L'ancien président et futur candidat a réitéré en effet les déclarations qu'il avait développées alors qu'il représentait son pays face aux alliés de l'OTAN. Il s'adressait alors, non pas aux électeurs conservateurs d'un ancien territoire de la Confédération sudiste, mais à Angela Merkel, Ursula von der Leyen, Emmanuel Macron et tutti quanti. "Ne croyez pas que nous vous défendrons si vous êtes attaqués" leur aurait-il assené en privé, propos confirmé d'ailleurs d'après divers témoignages. Pour faire court : il inciterait même Poutine ou ses successeurs à une agression contre les pays qui devaient de l'argent à l'alliance militaire. Il "encouragerait" donc la Russie "à faire tout ce qu’elle veut".
Il n'a bien sûr pas précisé s'il avait jamais eu véritablement l'intention de donner suite à une telle menace, ni ce que cela signifierait pour l'avenir de l'alliance. C'est sur celle-ci, rappelons-le, que la plupart des Européens comptent pour garantir la sécurité du Vieux Continent.
En 2021, un Michel Barnier répondait assez intelligemment à des nostalgiques du gaullisme désireux de construire, sans l'OTAN, une défense européenne. Ancien membre de la Commission, négociateur du Brexit, il disait "savoir ce qu'il faut changer à Bruxelles". Or, il observait que 21 États-Membres de l'Union européenne étaient membres de l'alliance. Il lui semblait donc peu réaliste de préjuger de leur ralliement à un tel projet. Or, depuis, la Suède et la Finlande, neutres jusqu'alors, ont demandé d'adhérer au pacte de 1949, portant le nombre à 23 sur 27. Quant à la Grande-Bretagne, il demeure assez clair qu'elle ne conçoit pas non plus sa défense en dehors de ses liens privilégiés avec Washington.
Réitéré comme argument électoral, confirmé par l'attitude des élus républicains au Congrès, et quoique désagréable à l'oreille des nos dirigeants, l'avertissement de Trump pourrait se révéler salutaire.
En dehors même de son contexte budgétaire actuel, en débat outre-Atlantique à la Chambre des représentants, la question fondamentale pourrait être formulée ainsi : l'Europe des 27 compte 447 millions d'habitants et pèse 17 800 milliards de dollars de produit intérieur brut ; les États-Unis, 335 millions de ressortissants paraissent certes économiquement un peu plus riches avec 25 300 milliards de dollars. Qu'est-ce qui nous condamne à la situation de "protégés", incapables de nous comporter en véritables alliés ?

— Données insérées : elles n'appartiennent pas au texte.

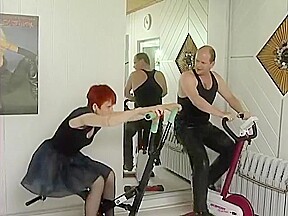 Mature redhead blowjob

La réponse tient aux investissements militaires que nos dirigeants se montrent pratiquement tous incapables de réaliser, attendant tous une plus grande popularité électorale et médiatique du fait ou de la perspective de dépenses dites sociales, de la gabegie administrative et des subventions de toutes sortes, plutôt que des budgets de défense.

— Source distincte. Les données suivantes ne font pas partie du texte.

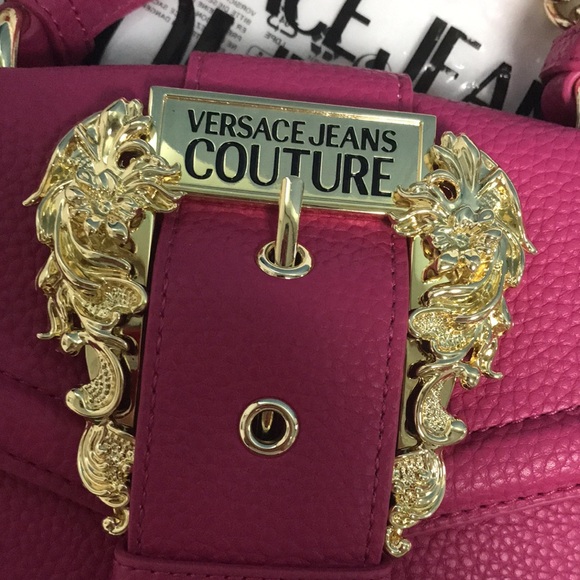 Versace Jeans Conture logo-buckle crossbody bag - Picture 3 of 7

En gros, les USA y consacrent 5 % de leur PIB, la plupart des Européens moins de 2 %, trois pays faisant exception, l'Estonie, la Grèce et la Pologne. Se sachant aux premières loges en cas de danger, les opinions publiques y sont plutôt demandeuses de plus d'armée.
En France on n'y consacre que 1,94 % du PIB mais on se gargarise trop souvent de l'illusion trompeuse de se situer au premier rang de l'effort militaire européen. Depuis le discours du chancelier Scholz du 27 février 2022 ce n'est évidemment plus vrai et les déconvenues africaines devraient également ouvrir les yeux sur la trahison de la Macronie. En 2022 encore le gouvernement se proposait d'atteindre 2 % du PIB... à l'horizon 2025. Pas plus que les autres cette promesse ne sera sans doute tenue. Elle reste, de toute manière, inférieure au seuil probablement indispensable de 3 %. Rappelons qu'en 1960, le monde entier investissait 6 % dans des dépenses militaires et la croissance occidentale n'en souffrait pas.
L'urgence rappelée brutalement par Trump correspond aussi à son désir de se défendre face à la Chine communiste dans l'Océan Pacifique et de pouvoir se désengager en Europe. Tirons en les leçons avant qu'il ne soit trop tard.
Ce 11 février 2024 on aurait pu commémorer le 79e anniversaire des accords de Yalta. Il serait temps d'en sortir.